Source information: Begin
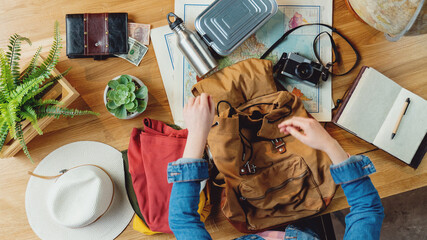 Top view of young woman packing for vacation trip holiday, desktop travel concept.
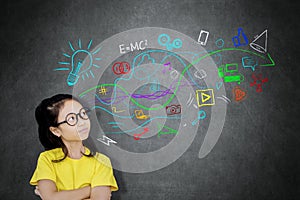 Thoughtful schoolgirl looking at doodles in a class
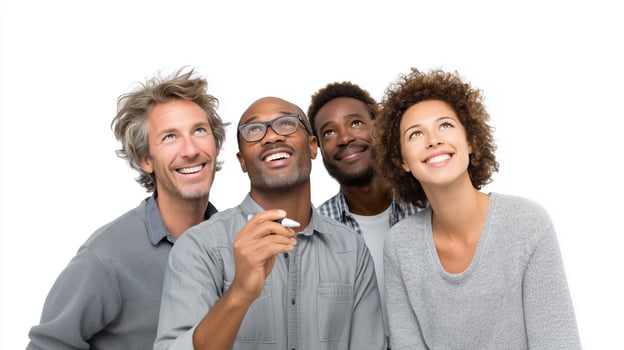 Diverse multicultural group looking upward with hopeful expressions showing optimism and unity photo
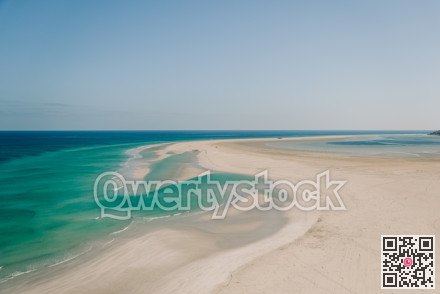 Minimalist travel visuals featuring expansive turquoise waters and sweeping shoreline curves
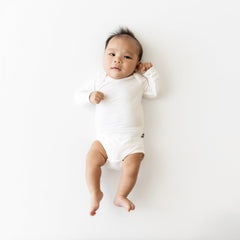 Baby in a white onesie lying on a white background
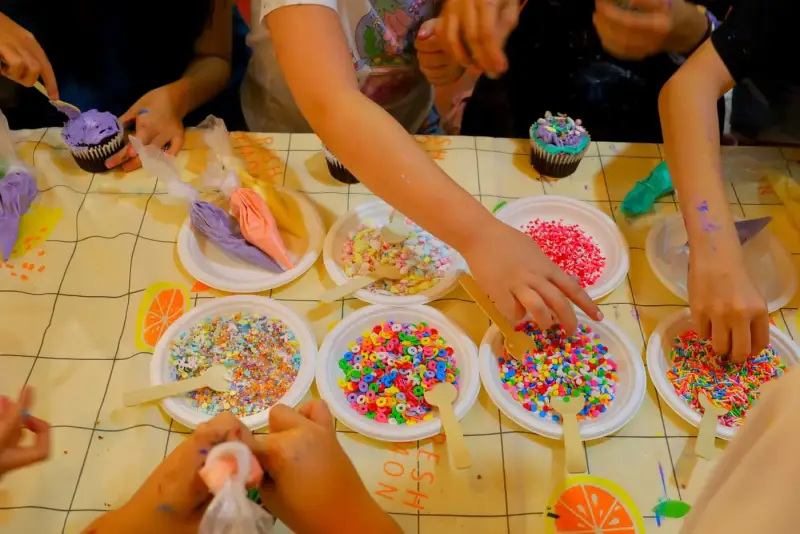 Sprinkles and icing set out for cupcake decorating at a private studio event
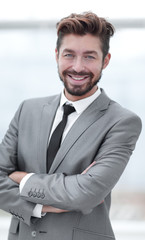 A young man in a gray suit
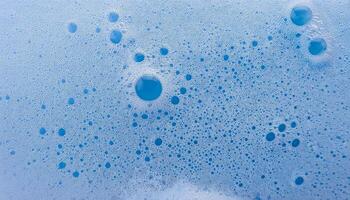close-up of blue foam with bubbly texture and intricate air bubble patterns photo
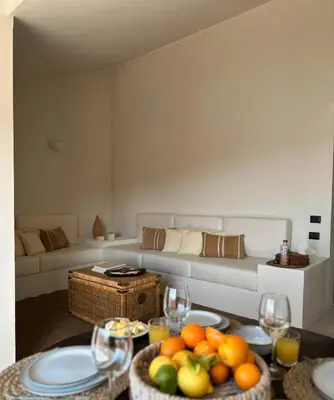 a living room with a table with fruits and wine glasses at Almarìa - Le case del Castello - San Nicola L'Arena - Trabia in Trabia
Source information: End
• Aim of the task
Print, exactly as written, the lines above from the first one to the one containing "Diverse multicultural group". Leave out pictures.

• Response area
 Top view of young woman packing for vacation trip holiday, desktop travel concept.
 Thoughtful schoolgirl looking at doodles in a class
 Diverse multicultural group looking upward with hopeful expressions showing optimism and unity photo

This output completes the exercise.